# FER-2013 Dataset


In [None]:
import torch
import torch.nn as nn
import torchvision
from torch.utils.data import DataLoader, Subset
import torch.nn as nn
import matplotlib.pyplot as plt
import copy

# List all available devices
if torch.cuda.is_available():
    cuda_count = torch.cuda.device_count()
    print(f"Found {cuda_count} CUDA device(s):")

    for i in range(cuda_count):
        device_props = torch.cuda.get_device_properties(i)
        print(f"  Device {i}: {torch.cuda.get_device_name(i)}")
        print(f"    - Compute capability: {device_props.major}.{device_props.minor}")
        print(f"    - Total memory: {device_props.total_memory / 1024**3:.2f} GB")
else:
    print("No CUDA devices available, using CPU only.")

device = torch.device("cuda:0" if torch.cuda.is_available() else "cpu")

In [None]:
# Download FER-2013 latest version
data_dir = "../data/FER-2013"

data_transforms = torchvision.transforms.Compose(
    [
        torchvision.transforms.Grayscale(
            num_output_channels=3
        ),  # si modèles pré-entraînés ImageNet
        torchvision.transforms.Resize((224, 224)),
        torchvision.transforms.ToTensor(),
    ]
)

# Load the FER-2013 dataset
train_data = torchvision.datasets.ImageFolder(
    data_dir + "/train", transform=data_transforms
)

test_data = torchvision.datasets.ImageFolder(
    data_dir + "/test", transform=data_transforms
)

print("Classes of the dataset:", train_data.classes)
print("Number of training samples:", len(train_data))
print("Number of test samples:", len(test_data))

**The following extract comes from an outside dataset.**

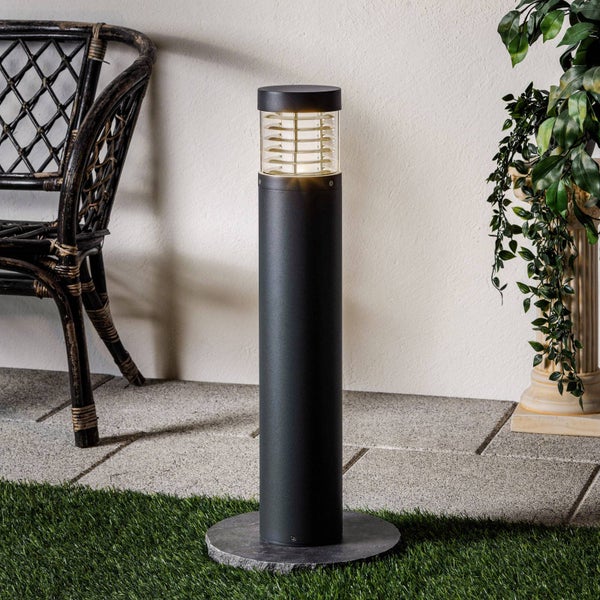 Moderne anthrazitfarbene Pollerleuchte für den Außenbereich mit beleuchtetem Glaseinsatz und Lamellen auf einer Steinterrasse im Garten.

# Pour afficher le mapping complet
for idx, emotion in enumerate(train_data.classes):
    print(f"Label {idx} → {emotion}")

In [None]:
# Fetch one data pair (one image and the corresponding label)
image, label = train_data[0]  # type: ignore
print(image.shape)
print("Image label:", label)

print(image.shape)

In [None]:
batch_size = 16

train_dataloader = DataLoader(
    train_data, batch_size=batch_size, shuffle=True, drop_last=True
)

test_dataloader = DataLoader(
    test_data, batch_size=batch_size, shuffle=True, drop_last=True
)

# - print the number of batches in the training subset
num_batches = len(train_dataloader)
print("Number of batches in the training subset:", num_batches)

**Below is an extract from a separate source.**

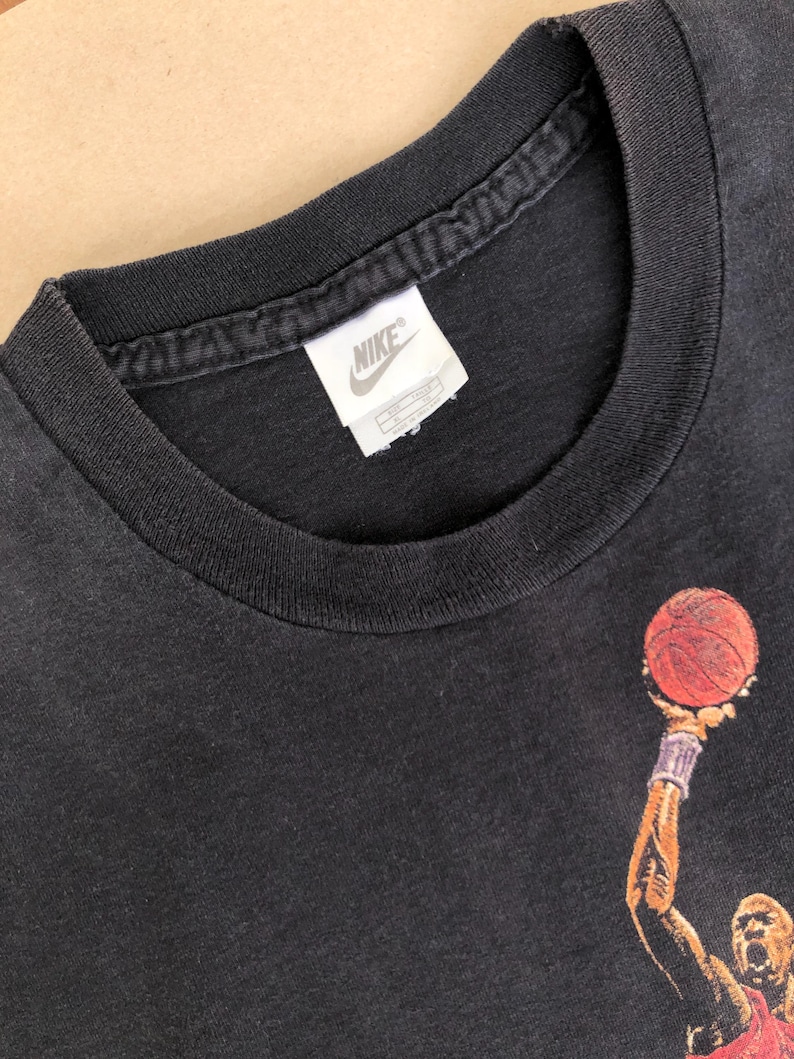 Może przedstawiać: Czarny T-shirt z grafiką koszykarza i metką z logo Nike. Koszykarz ma na sobie czerwoną i czarną koszulkę i trzyma piłkę do koszyk&oacute;wki.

# - print the number of batches in the testing subset
num_batches = len(test_dataloader)
print("Number of batches in the testing subset:", num_batches)

In [None]:
# 3. Calcul de mean & std
sum_ = 0.0
sum_sq_ = 0.0
nb_pixels = 0

for imgs, _ in test_dataloader:
    # imgs shape: (B,1,48,48)
    B, C, H, W = imgs.shape
    imgs = imgs.view(B, C, -1)  # (B,1,2304)
    sum_ += imgs.sum(dim=[0, 2])  # somme des pixels par canal
    sum_sq_ += (imgs**2).sum(dim=[0, 2])  # somme des carrés
    nb_pixels += B * H * W

mean = sum_ / nb_pixels  # tensor([μ])
std = torch.sqrt(
    sum_sq_ / torch.tensor(nb_pixels, dtype=torch.float32) - mean**2
)  # tensor([σ])

print("Dataset mean:", mean)  # ex. ≈tensor([0.485])
print("Dataset std: ", std)  # ex. ≈tensor([0.237])

In [None]:
data_transforms = torchvision.transforms.Compose(
    [
        torchvision.transforms.Grayscale(
            num_output_channels=3
        ),  # si modèles pré-entraînés ImageNet
        torchvision.transforms.Resize((224, 224)),  # ou autre résolution
        torchvision.transforms.ToTensor(),
        torchvision.transforms.Normalize(mean=mean, std=std),
    ]
)

# Load the FER-2013 dataset
train_data = torchvision.datasets.ImageFolder(
    data_dir + "/train", transform=data_transforms
)

test_data = torchvision.datasets.ImageFolder(
    data_dir + "/test", transform=data_transforms
)

print("Classes of the dataset:", train_data.classes)
print("Number of training samples:", len(train_data))
print("Number of test samples:", len(test_data))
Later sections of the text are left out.